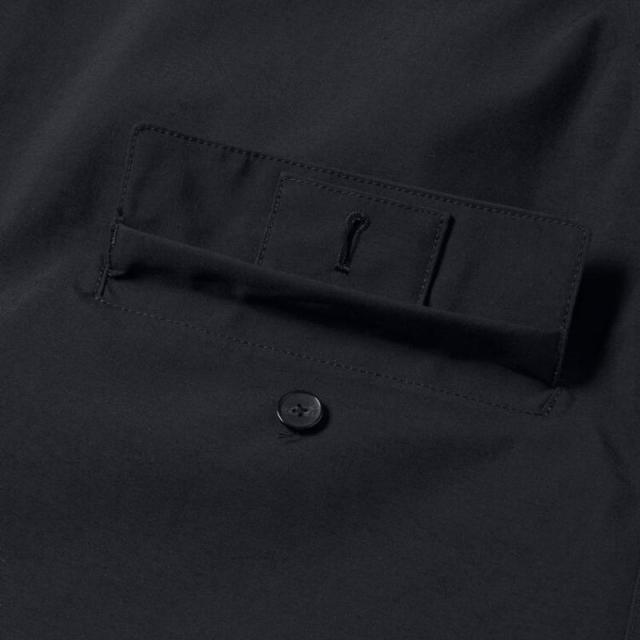 ノースフェイス THE NORTH FACE コンピレーションオーバーコート Compilation Over Coat NP62361 K(ブラック) CE(チコリコーヒー)_9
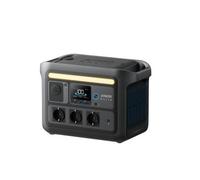 Stazione di energia Anker Solix C800X 768 Wh 3 porte AC 4 porte USB Batteria LiFePO4 Schermo digitale Caricatore solare compatibile
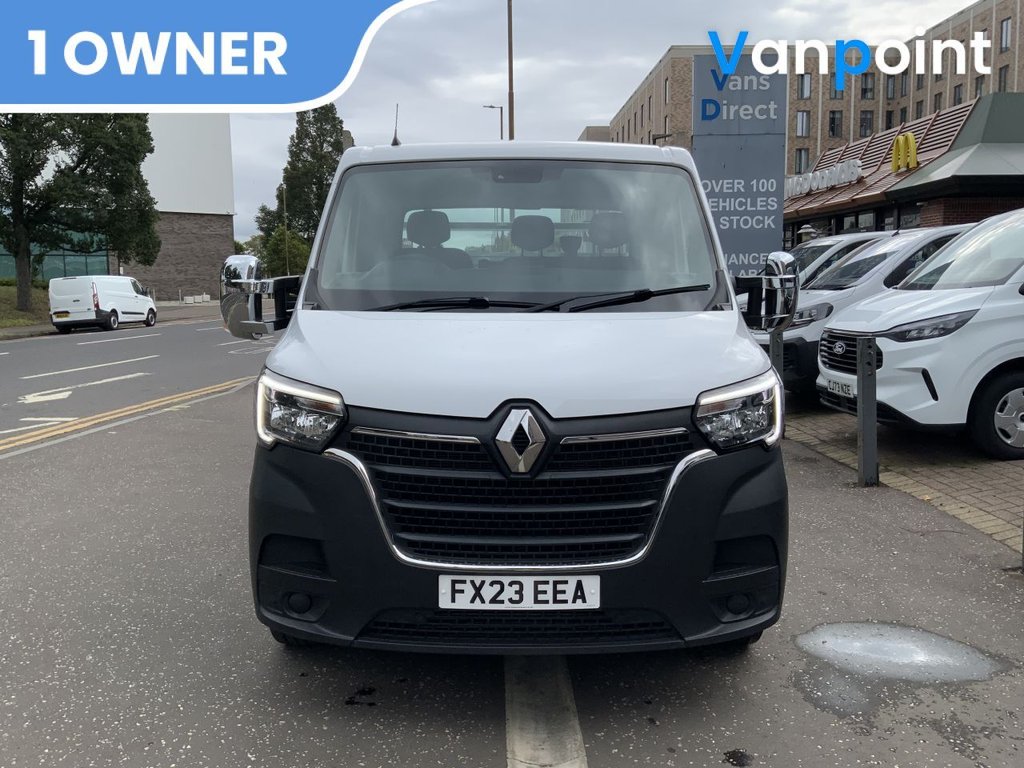 Used Renault Master 2023 for sale - 76434161: Photo 2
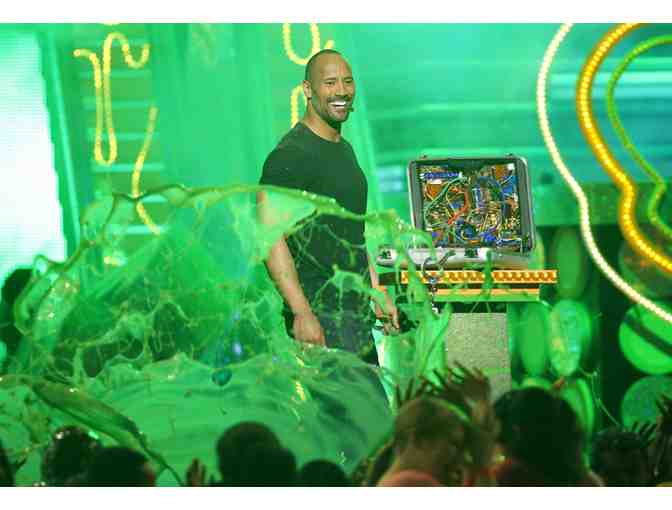 Upper Level Tickets to the 2015 Kids Choice Awards in Los Angeles with 3-Night Stay for 2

» Brief
Starting at the line that contains "Used Renault Master", retype each line through the end of the data exactly, and leave out every picture.

» Answer for this exercise
 Used Renault Master 2023 for sale - 76434161: Photo 2
 Upper Level Tickets to the 2015 Kids Choice Awards in Los Angeles with 3-Night Stay for 2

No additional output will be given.